再婚の方の遺言1

背景


 この遺言者様は、男性で30年ほど前に奥様を亡くされ、その後20年ほど前に、当時の職場の同僚だった女性と親しくなり、同居生活をされていたのですが、婚姻届けを出さず事実婚の状態でお暮しでした。年齢は80歳代後半で、事実婚の女性は70歳代後半の方でした。
 

 また男性には、亡くなられた奥様との間に2人のお嬢様が居られ、おふたりとも50歳代でそれぞれ独立しておられます。
男性としては、ご自身が年老いてこられ、生い先短いと思っておられ、ご自身亡き後の事実婚の女性の将来を大変ご心配されていました。特に男性自身亡きあとの女性の住む場所のことをとても心配されていました。
 

右図1,20年の事実婚、男性には前婚時の長女と次女あり

 後述の現在おふたりでお住まいのご自宅に、女性の方が男性亡きあとも継続して住み続けられるのか、娘2人からの立ち退きを迫られるのではといったことも心配されていました。右図1のようなご家族関係です。
 

財産としては、おふたりでお住まいのご自宅と、現預金があるといった状況でした。

ポイント


①婚姻届けを出さず事実婚のご夫婦である。
②夫婦(事実婚)の年齢差が10歳以上あり、男性の死後女性の将来が心配。特に自宅に継続して住み続けることができるのか。
③前婚でのお子様が2人おられる。

対応


 まず、お勧めしたことは、もう20年も事実婚を続けられているのであれば、きちんと婚姻届けを役所に提出し、法律上の夫婦になられてはということでした。
 

右図2,事実婚状態での遺留分
右図3,法定婚での遺留分

 日本の民法は法定婚を採用していますから、婚姻届けを役所に提出し戸籍上の夫婦になっていなければ、いかに20数年事実婚を継続されていても、婚姻関係があるとみなされません。 
 

 言い換えれば、こちらの男性と女性は、法律上は全くの他人、従って男性が亡くなったとしても、この女性には相続権はなく、まったくの無権利者ということになってしまいます。

 また、遺言を準備されたとしても、仮に事実婚のままこの女性に全財産を遺贈するとしても、おふたりのお嬢様の遺留分はそれぞれ4分の1ずつで計2分の1になります。(右図2,ご参照ください。)
 仮に入籍され、配偶者となられた場合、全財産を妻に相続させるという遺言を書いたとすると、おふたりのお嬢様の遺留分はそれぞれ8分の1ずつで計4分の1となり、前段の場合にくらべ半分になります。(右図3、ご参照ください。)

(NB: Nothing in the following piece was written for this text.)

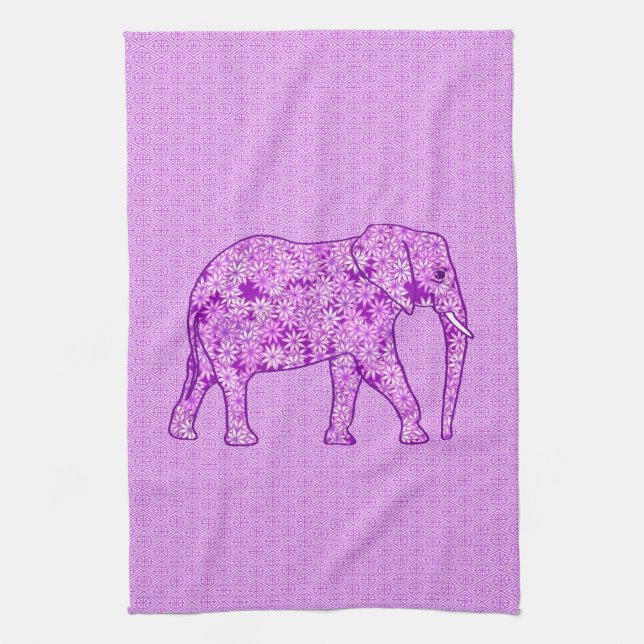 Flower elephant - amethyst purple towel (Vertical)
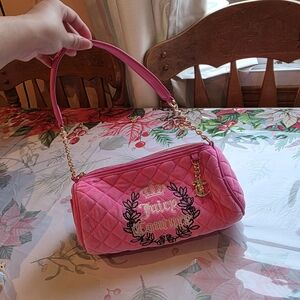 Juicy Couture Hot Pink Quilted Mini Shoulder Bag with Gold Accents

 そのことをご理解頂き、まず入籍のための婚姻届けを地元の市役所に提出して頂きました。(因みに、婚姻届けは1年365日24時間、住所地の市区町村役場で受付てくれます。)
 

 それで晴れて法律上のご夫婦になって頂いた上で、公正証書遺言の作成へと手続きを進めました。遺言の内容は、一番の懸念事項である将来の奥様の安住の地である現在のご自宅を相続させるということ。
 

 さらに、お嬢様おふたりの遺留分を満たす内容にするべく(参照「遺留分限度を満たした遺言」)、「すべての財産の1/8に相当する額の現預金を、それぞれのお嬢様へ相続させる(それ以外の現預金は奥様へ相続させる)」と言った内容です。
 

 この内容を、公証人の先生にお伝えし、公正証書遺言を作成頂き、私と仲間の行政書士2名が立会証人となり(公正証書遺言作成時には2名の証人が必要です。)無事に完成となりました。
 

 現在も、ご主人も奥様も大変お元気で、「素晴らしい内容のアドバイスを頂いた、そのおかげで2人安心して暮らしている」と時々時候のご挨拶を頂いています。

 ついでながら、こちらの奥様は、将来夫亡き後、このご自宅を夫のおふたりのお嬢様へ遺す、との内容の遺言書を作成すると仰っています。